Una vez tuve quince años, de Irma Barón.
Por Juan Antonio Massone del Campo

 

         ¿Qué pueden tener de especial los quince años de alguien que, como en este caso, saben conmover, interesar y mantenernos en vilo de la curiosidad?
         La memoria personal es un formato muy atractivo, pero sumamente riesgoso si se desea traspasar, con vivacidad, el previsible anecdotario individual, cuyas referencias de data y singularidades podría sofocar las mejores intenciones literarias. 
         Chile ha tenido buenos representantes del género memorial. Hernán Díaz Arrieta, Alone, publicó un volumen acerca de sus ponderaciones de varias obras a este respecto. Augusto D´Halmar y sus Recuerdos olvidados, Pablo Neruda en Confieso que he vivido; el propio Alone aportó con Pretérito Imperfecto; Volodia Teitelboim entregó tres volúmenes; a los que pueden agregarse con plenos derechos Memorias de un desmemoriado de Ernesto Montenegro; La casa vieja de Jenaro Prieto; Historia de mi vida, de María Flora Yáñez; Memorias de un tolstoiano, de Fernando Santiván, y tantos más.
          La dificultad mayor de las memorias es lograr un perfil dinámico, un movimiento sin tropiezos en ese ir y venir desde lo íntimo a lo externo, con tanta felicidad narrativa que, de ninguna manera  se le sienta tirantez al hilo conductor y sí una coincidencia a los retazos escogidos que conforman el panorama revelado; al paso que ese mismo acopio de lo escogido permita olvidar tantos otros pormenores que fueron desestimados cuando se entrega la versión definitiva del texto. En suma, una memoria literaria no es sólo lo dicho, sino lo callado que viene a ser un silencio a tiempo, una suspensión de la confidencia para alcanzar el equilibrio de la atención sin el molesto exceso de un yo que acabe por irritar, en vez de mantener el interés.
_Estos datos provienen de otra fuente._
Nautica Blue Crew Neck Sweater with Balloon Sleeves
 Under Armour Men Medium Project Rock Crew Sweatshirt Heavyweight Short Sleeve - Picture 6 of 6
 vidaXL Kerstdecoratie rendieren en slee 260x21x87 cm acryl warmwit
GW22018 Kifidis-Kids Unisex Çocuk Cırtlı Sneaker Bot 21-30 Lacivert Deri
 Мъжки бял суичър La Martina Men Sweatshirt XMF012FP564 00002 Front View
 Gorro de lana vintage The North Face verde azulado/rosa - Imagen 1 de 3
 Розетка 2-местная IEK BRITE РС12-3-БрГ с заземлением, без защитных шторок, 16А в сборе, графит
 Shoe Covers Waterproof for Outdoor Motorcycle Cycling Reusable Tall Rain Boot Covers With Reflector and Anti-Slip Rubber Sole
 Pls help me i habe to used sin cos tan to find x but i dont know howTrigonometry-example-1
         Asomarse al brocal de la memoria y dar un panorama enterizo de sí es una osadía de la voz interna, puesto que se atreve a exponer los “dentros” de la propia trayectoria. Esta es una de las tantas virtudes que nos regala Irma Barón en ese reordenamiento de cuando una vez tuvo quince años.
         Efectivamente, Una vez tuve quince años, con sello de Editorial Forja, tiene gracia y frescor. Da lo mismo que la evocación haga pie en décadas tan distintas a la presente. Mejor que mejor, podríamos decir, porque esa recuperación de ciertas costumbres, ritmos de vida, estilos de enseñanza, amén de las vicisitudes propias de quien ordena lo evocado nos comparte, sucesivamente, las venturas y desventuras de la niña, de la adolescente y de la joven universitaria.  La protagonista juega, se aflige y manifiesta su entusiasmo y vigor vital. Acompañada de la soledad, no menos que de una abuela querendona, tanto como de la presencia y lejanía maternas, de los nacientes amores y descubrimientos del saber universitario—cuando esas instituciones dejaban impronta en sus estudiantes--, la autora nos invita a conocerla, o a reconocerla, en ese antes indispensable, al ofrecer una secuencia de sus primeros veinte años.
          Y así, como si todo brotara a la vez necesario y con ánimo expansivo, este libro—según testimonia Irma Barón—nace de improviso, mejor dicho con las palpitaciones de la vida que, en algún momento, se torna consciente de la necesidad de ordenar, de decirse un modo abarcador de aquel lapso inicial cuando los cimientos de la existencia aportan un espesor de presencias y soledades tan ostensibles, unas y otras, que el conjunto bien o mal avenido de esas constancias se alza al modo de una compañía durante toda la vida. Y, como lo más lejano en el tiempo, es la materia con la que más se convive, resulta que las primeras décadas son las más atractivas de contar, debido a ese ánimo matinal, arquetípico y fundacional que sobresale de ellas.

          “Me escapé en el recuerdo hasta la tranquila Plaza de Armas. Encontré un banco de madera tosco, con capacidad para cuatro personas más o menos; estaba pintado de gris y me pareció, esa vez, que su color jugaba con el tono ceniza del paisaje. Hacía setenta años.
           Reviví el instante en toda su intensidad.
           Era el mes de mayo.
           Ese día cumplía quince años”. (p 21)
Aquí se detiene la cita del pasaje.